ABOUT THE PERFORMERS:

Tristan Shepherd is a composer, improviser and turntablist from Dearborn, MI currently based in Brooklyn, NY. His work includes installation pieces for multichannel audio, appearances as an improviser in group ensembles and compositions for solo turntable. Using a combination of modified records and custom dubplates as source material, his compositions consist of a sonic counterpoint and bricolage that hinge on the decontextualization and reanimation of the musical gestures 'frozen' on the records. Most recently, he curated "Incidental Music", an exhibition of site specific installations and performances at the Fragmental Museum's project space: a 4 story, 50,000 sq. ft. former zipper factory. Tristan has performed at Roulette Intermedium, Harvestworks, The Emily Harvey Foundation, MoMA PS1, and the Whitney Museum of American Art.

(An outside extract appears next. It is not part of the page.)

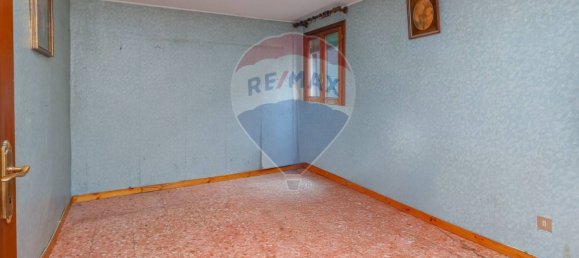 2 bedrooms Apartment in Venice, Italy No. 362034 10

Suzanne Thorpe is an electroacoustic flutist, composer, and educator. Her compositions are site-specific works that tend to employ multi-channel systems, psychoacoustic phenomena, and aural harmonics. As an improviser, Thorpe has performed nationally and internationally with artists such as Chris Brown, Annette Krebs, Pauline Oliveros, and Gino Robair, among others.

Thorpe has been featured at local, national, and international experimental music and art venues and is a founding member of the critically acclaimed alternative rock group Mercury Rev, with whom she earned numerous critical accolades and a gold record. Thorpe has appeared in over 20 recordings on labels such as Sony, V2, Beggars Banquet, and Geffen, and most recently on J Mascis’ solo record Several Shades of Why and Pauline Oliveros’ Primordial Lift. Thorpe holds an M.F.A. in Electronic Music and Media from Mills College and currently teaches at Marymount Manhattan College and Parsons School of Design, where she focuses on digital audio workstations, field recording, sound theory, and the art of listening.